- Origin: Ivano-Frankivsk Oblast, Ukraine
- Genres: Hip hop
- Years active: 2004–2005
- Past members: Roman Kalyn; Roman Kostyuk;

= GreenJolly =

Ukrainian rap band

GreenJolly (Ґринджоли, Gryndzholy) was a Ukrainian hip hop duo. They represented Ukraine at the 2005 Eurovision Song Contest with the song "Razom nas bahato", which became an unofficial anthem of the Ukrainian Orange Revolution.

==History==
GreenJolly consisted of Roman Kalyn and Roman Kostyuk, who originate from the Ivano-Frankivsk region of Western Ukraine.

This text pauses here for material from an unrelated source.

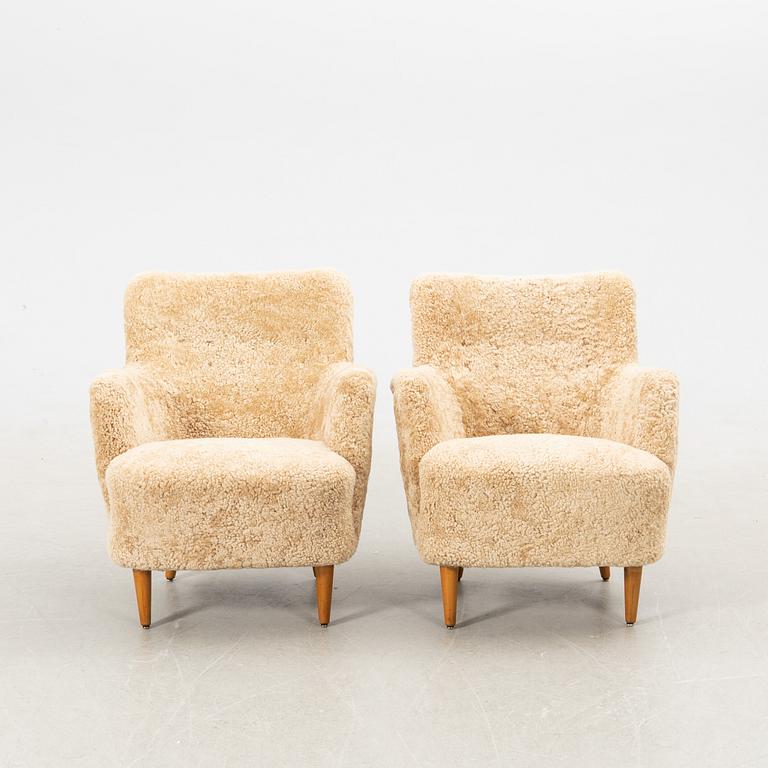 Armchairs, a pair, Swedish Modern, 1940s.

After receiving a wild card to the final of the Ukrainian Eurovision pre-selection, Evrobachennya 2005 – Natsionalyni vidbir, the duo was chosen to represent their country at the 2005 Eurovision Song Contest in Kyiv, with the song "Razom nas bahoto". In conjunction with various Ukrainian radio stations, the band wrote the song to support protests against electoral fraud that took place during the 2004 Ukrainian presidential election. However, the track had to be reworked in order to comply with contest regulations, and the European Broadcasting Union. In the final, the duo finished 19th with 30 points, tied with Sweden.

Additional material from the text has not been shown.